AB: Why did you want to go through recruitment and join a sorority?

KB: Looking back part of it was probably because I thought that was what cool girls did, but also like I said I was hoping to make real friends and come to college and have those connections. So I thought that might be a way that I could do that. And the girl that I lived with sophomore year in the house, we’re rooming together again, and she’s one of my closest friends. And so I ended up getting what I wanted out of it — really close friendships with some great people.

AB: Did you ever question your choice to join a sorority?

KB: Sometimes I think I’m paying a lot of money for something I’m too busy to do anyway. So practically I’m like ‘Yeah I probably should drop and save all the money.’ But I just went home this morning and I had a conversation with my mom before I left and I was talking to her about this movie I watched last night called Neighbors 2: Sorority Rising or whatever. I was watching it while I was supposed to be editing all these stories.

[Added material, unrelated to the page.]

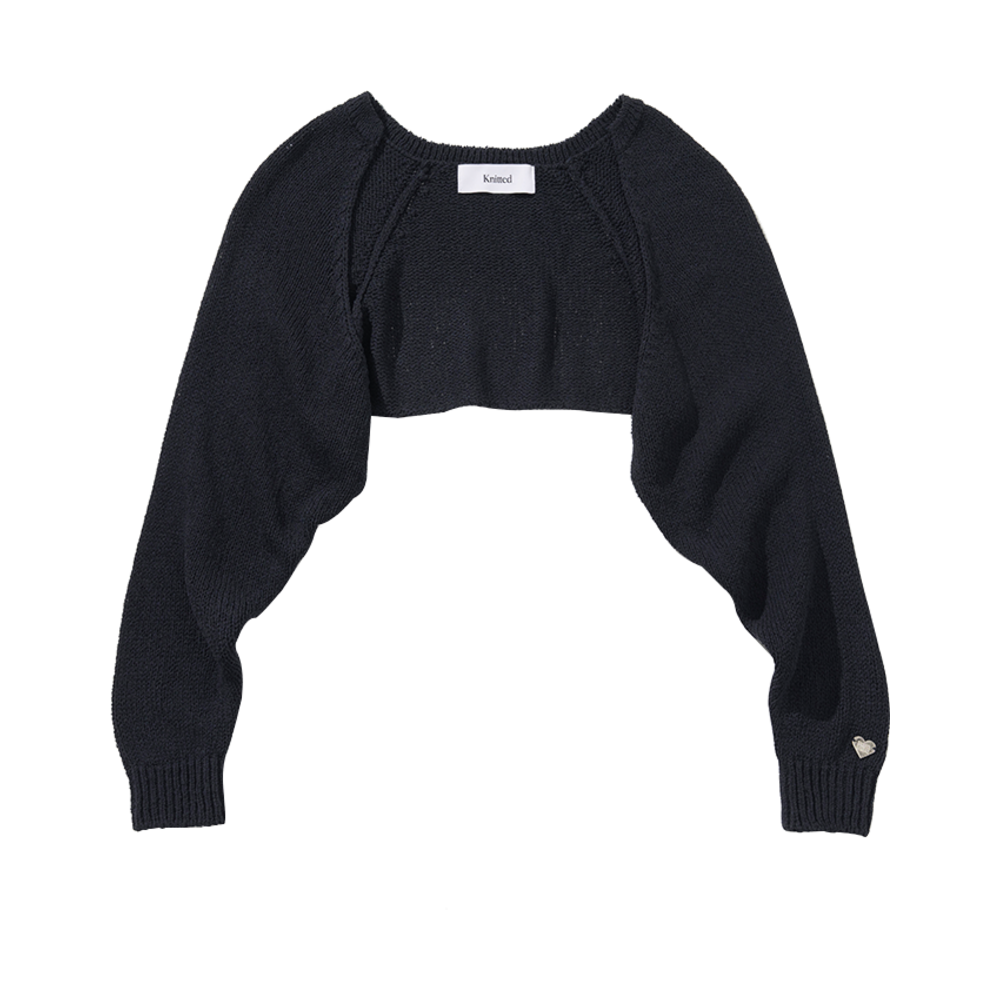 니티드 여성 썸머 부클 볼레로 가디건 네이비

I was trying to multitask. But in the movie they make this point that sororities aren’t allowed to party, and the girls going through recruitment are like ‘What are you talking about?’ And Selena Gomez is like ‘No actually for real though.’ And I was talking to my mom about that. Like I think that that is so ridiculous that boys can do whatever they want and throw parties or whatever, and girls have to leave the safety of their homes and go seek that out somewhere else. I guess sometimes when I think about it I’m like ‘Yeah this definitely is a system of oppression still that I am a part of.’ I question it sometimes. I haven’t dropped yet though, so I don’t know what that says.

AB: Yeah when Neighbors 2 came out I saw Seth Rogan on one of those late night interviews and he was like ‘yeah this is a real thing!’ And it was so shocking to him. 

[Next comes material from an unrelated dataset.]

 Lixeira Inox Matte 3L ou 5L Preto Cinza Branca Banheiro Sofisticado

KB: Yeah that’s the thing. And I guess when I — like it wasn’t ever shocking to me. Going in I knew sororities can’t have parties, but fraternities can. And just the understanding of boys are willing to take those risks and of course girls have to keep their houses clean and it’s so dirty and girls don’t want to be drunk like that, blah blah blah. And it made sense for a while, but now I’m like ‘Oh what the heck nu-uh’ because we’ve got all the sexual assaults that happen. I don’t know. It wasn’t shocking to me that sororities can’t party. But it was shocking that so many people didn’t know. I just thought everybody knew that.

AB: How has your relationship with your mom changed as your world view has changed?

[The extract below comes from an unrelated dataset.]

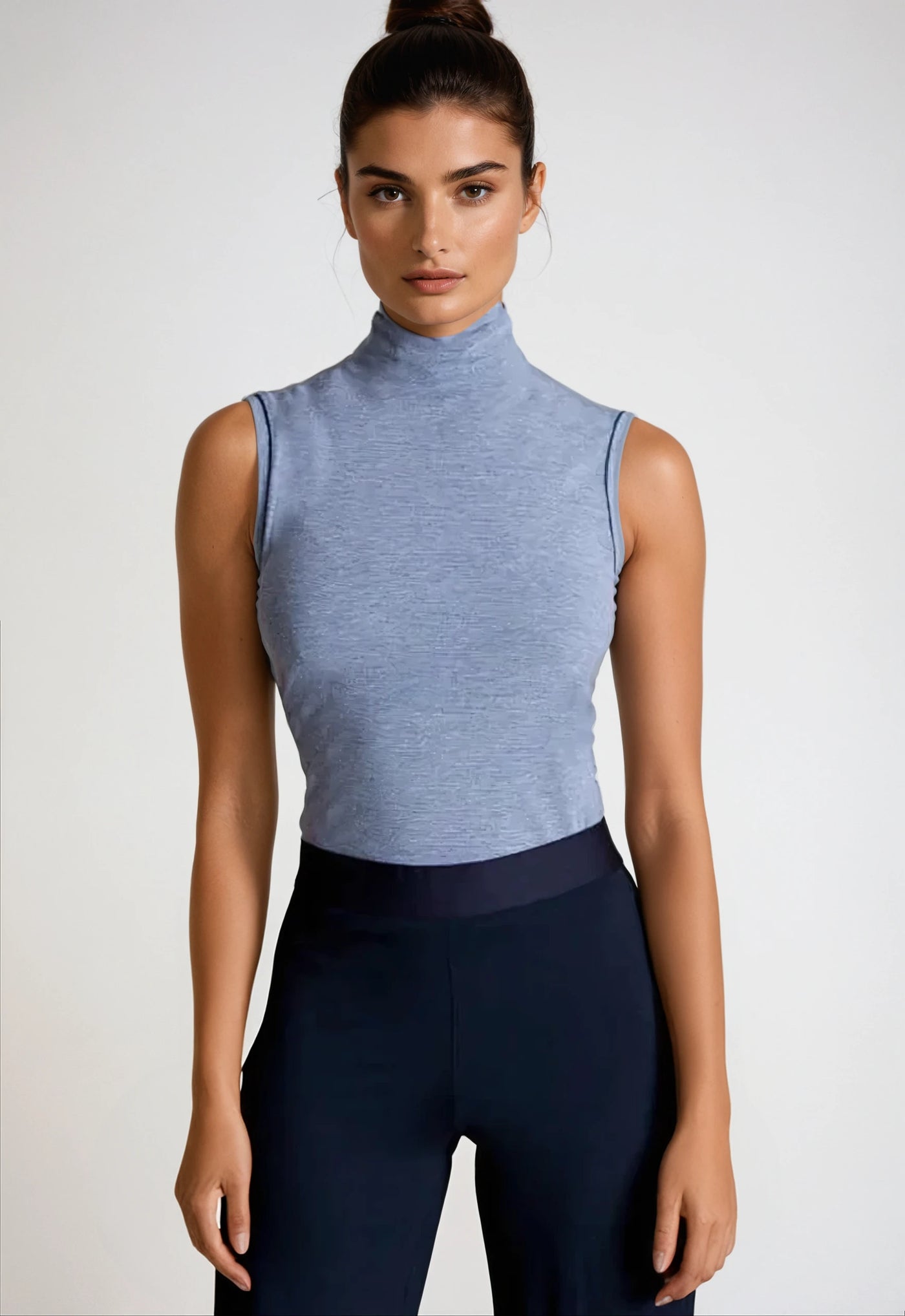 Sleeveless Turtleneck Shirt-Shirts-Buki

KB: We definitely hit a lot of rocky spots like senior year of high school and freshman year of college because she was, I think, she was just confused about who I was or what I wanted. Which i mean I was confused so that’s understandable. So it was rocky and we fought a little bit, but I think as I have kind of journeyed to the spot where I’m at I’ve kind of included her in that by having phone conversations and calling her and telling her what I’m thinking. And so it’s not just like I left, and I changed a whole lot, and I came back, and she’s like ‘Who are you?’ But I left and was changing, and we stayed in contact. And so I think that the change has been good. We’re much more open with each other. We talk about everything. And I think for her personally the things that she believed prior to kind of having an avenue to see what different can be, I think that she’s been able to open up her mind to how she deserves to be treated and what she is personally capable of and how smart she is and what she can do independently. So I think it’s been really good, the changes that we’ve had.